In the State of Guerrero, on the night of September 26, 2014, students from the Escuela Normal Rural in Ayotzinapa were on their way to Mexico City. When they arrived in Iguala, they were intercepted by members of the police and a local drug trafficking group, the “United Warriors,” who opened fire, resulting in the death of five youths and more than twenty were wounded. Forty-three of them disappeared, and are now known as “the 43.”
“It was the State,” said the Mexican society then, like that inscription on the floor of the Zocalo itself. Whether by action or omission, the death toll is always the responsibility of the State but more so in this case because the mayor of the city of Iguala and his wife had direct links with organized crime. It was the final illustration of the capture of political power through drug trafficking. If it wasn’t the State, well, surely it was the state.
Iguala illustrates the illegality that corrodes, fragmentizes, and finally appropriates public institutions in Mexico and many countries of the region. This became so brutally explicit at the time that the Attorney General resorted to a legal and conceptual artifice to shield the federal government. “The Mexican State is not culpable for Iguala”, he said categorically.
The government’s highest judicial authority thus certified a reality already debated in the literature on transitions: “subnational authoritarianism.” The term depicts a system under which a political order of democratic national institutions coexists, adjoining and superimposed on a series of authoritarian provincial regimes. It is often a functional political pact: regional elites retain their enclaves, while the central government manages to divert demands to states and relocate conflicts away from the nation’s capital.
The problem is that in Mexico, there is a subnational “criminal” authoritarianism, whereby regional political authorities are often instruments of drug trafficking. Although a dubious one, “Iguala is not the Mexican State” constitutes an attempt to protect the State with uppercase ‘S’ from the state with lowercase ‘s:’ the latter is of the narcos. The aim of protecting the State to preserve fundamental cohesion, a prerequisite for exercising the monopoly of law and force. That is to say, to continue being a State.
Well, this attempt at protection may have vanished entirely in the recent events in Culiacan, State of Sinaloa. The police arrested Ovidio Guzman, son of El Chapo, the leading criminal serving his sentence in the United States. The cartel launched a massive attack against the police with greater firepower and superior logistical deployment. It was a real battle that ended when Ovidio Guzman was released by order of President Lopez Obrador himself because “the arrest of a criminal cannot be worth more than people’s lives.”
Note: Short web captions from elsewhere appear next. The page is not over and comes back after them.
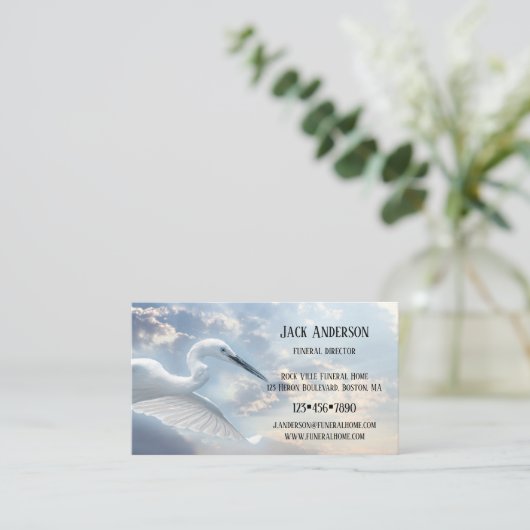 Sky Heron Funeral Director Visitekaartje (Staand voorkant)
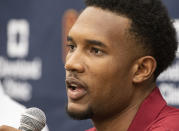 Cleveland Cavaliers first round draft selection, Evan Mobley speaks with reporters during a news conference at the Cavaliers training facility in Independence, Ohio, Friday, July 30, 2021. Mobley was the third selection of the draft. (AP Photo/Phil Long)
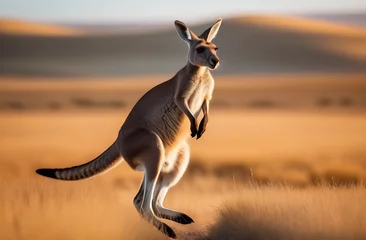Foto op Plexiglas A jumping kangaroo somewhere in the steppes of Australia. High quality photo © Антонина Кузнецова
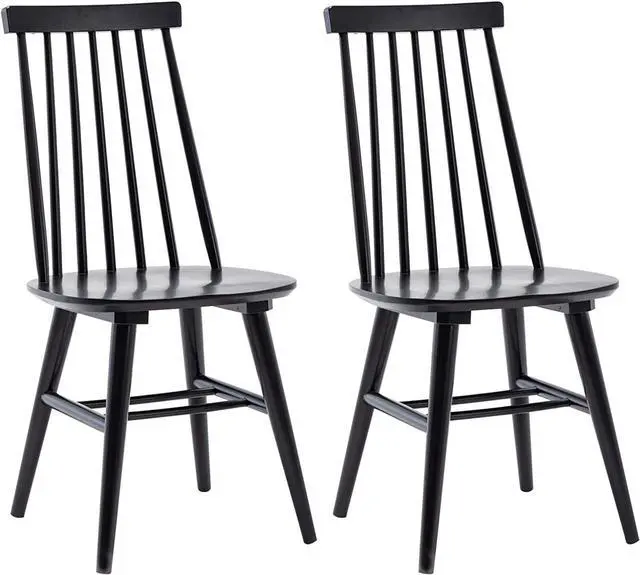 Main image of DUHOME Dining Chairs Set of 2, Wood Dining Room Chairs Slat Back Kitchen Room Chair Windsor Chairs, Black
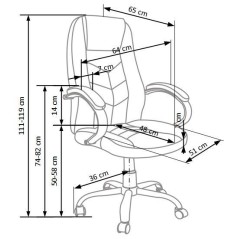 Scaun directorial Halmar Cody, inaltime reglabila 111-119cm, roti cauciucate, functie balansare, functie blocare, piele, maro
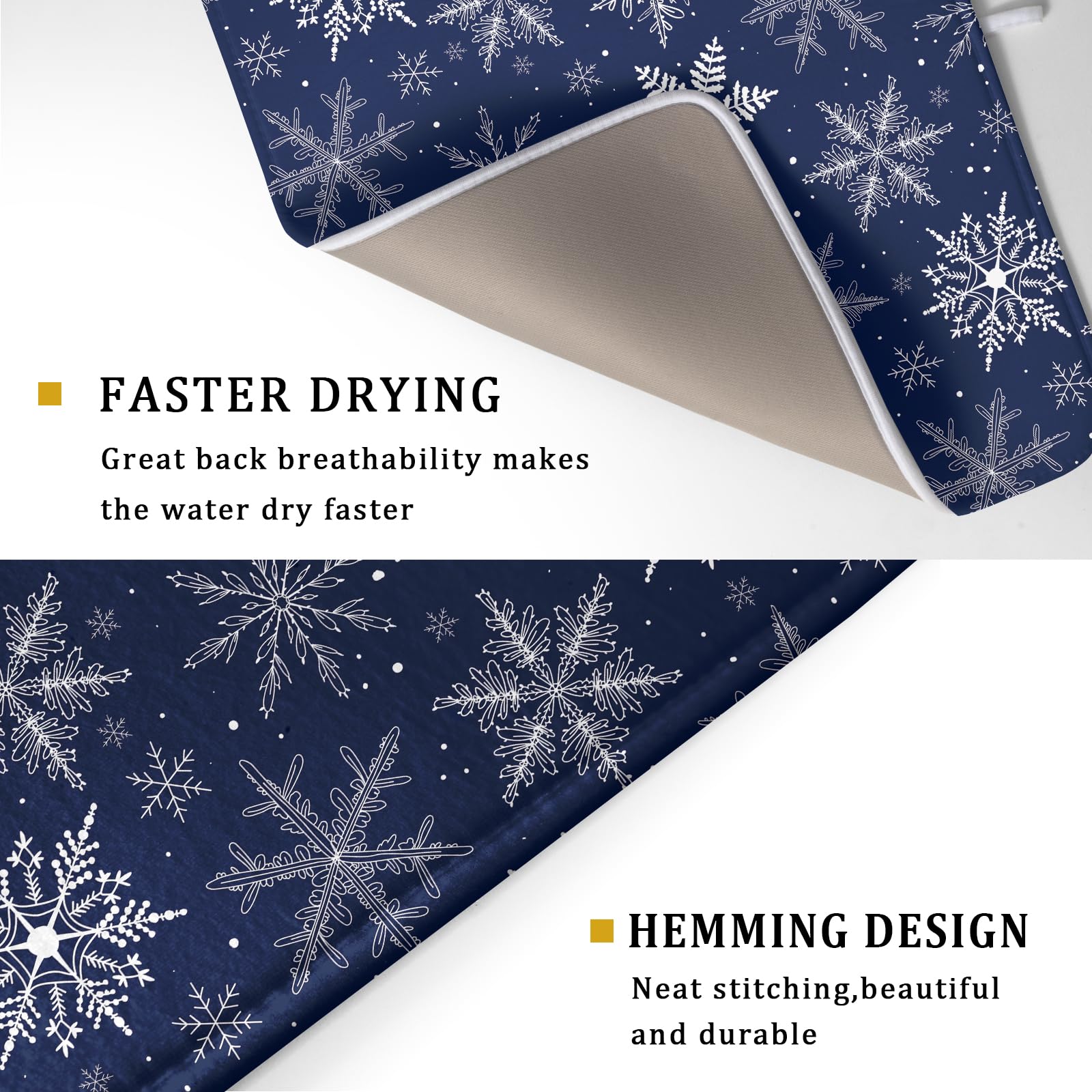 Sphragiyn Winter Blue Snowflake mat in large 18x24 inches protects countertops.
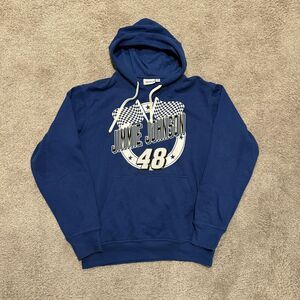 Vintage Nascar Jimmy Johnson Embroidered Racing Hoodie Blue Size Large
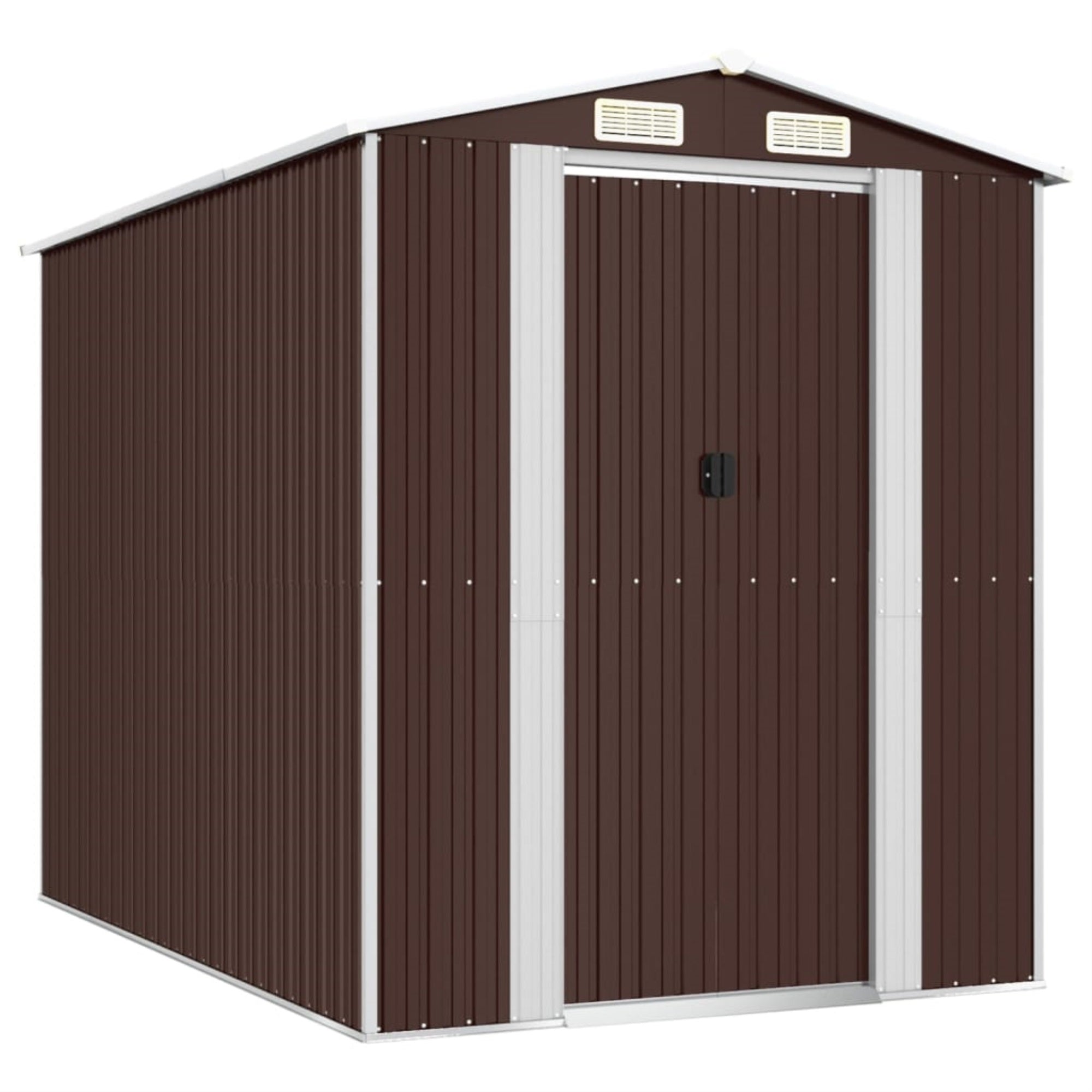 Vidaxl Garden Shed Dark Brown 75.6'X107.9'X87.8' Galvanized Steel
Here it was the State that de facto exonerated a proven criminal. State abdication is never good news. It sends out a message of vulnerability and impotence to transnational criminals. Without the State, such massacres would become more frequent since subnational criminals will likely operate on a national scale. It could only result in authoritarianism, pure, harsh, and illegal.
That future might well already be clear to us. Criminal authoritarianism already prevails at the peak of political power in Venezuela. It operates all over the country with territorial franchises for the exploitation of different resources. Meanwhile, the Central American nations are small and have low state-capacity. Consequently, the collusion of organized crime with politics is a common theme in newspapers.
Organized crime groups seek their reward through the capture of Mexico- that of the State. This would guarantee the regional expansion of a system of domination whose productive base is constituted by an illicit business model. It would mean the termination of the legal, political, and coercive monopoly entity that we know, formerly the locus of legitimate authority. Of course, this would make democracy unviable because without the State there is no democracy.
The region could be heading toward the configuration of a parallel post-State (dis)order. Several quasi-feudal entities would emerge. Take “feudalism” as the image of a system of decentralized domination, a fragmentation of sovereignty. In this case, “feudalism” is associated with illegality and defining its norms informally. Thus, the role of the law would be vague, reducing the government to the arbitrariness of criminal clientelism.
Perhaps, all this is ecstatic futurology, I hope, and if anything, mere metaphors. But metaphors to pay attention to in light of the current instability of a convulsed continent.
Organized crime has huge comparative advantages. It is adaptive to post-industrial capitalism, thus flexible and efficient in this global world. It is one of the most profitable activities on the planet. It allocates resources better than anyone else. It does not pay taxes; trade wars do not impact it; it does not recognize borders, and it can resolve conflicts expeditiously, with violence.
Organized crime is part of our reality, an economic force that ended up becoming a political actor. It is present in each of the revolts that afflict the continent today. It is not a question of conspiracy theories; any analysis or design of politics must consider this severe threat as a crucial stakeholder variable.
It is not clear that today’s political leaders are up to the task. In this violent path, where no one benefits as much as organized crime, Latin America could very well lose democracy altogether. And with it, the possibility of organizing collective life in peace and civility.
Maybe this evokes the idea of a lost continent; it’s a hypothesis. Like Atlantis, it was destroyed by the Gods as a punishment for the corruption and greed of their people.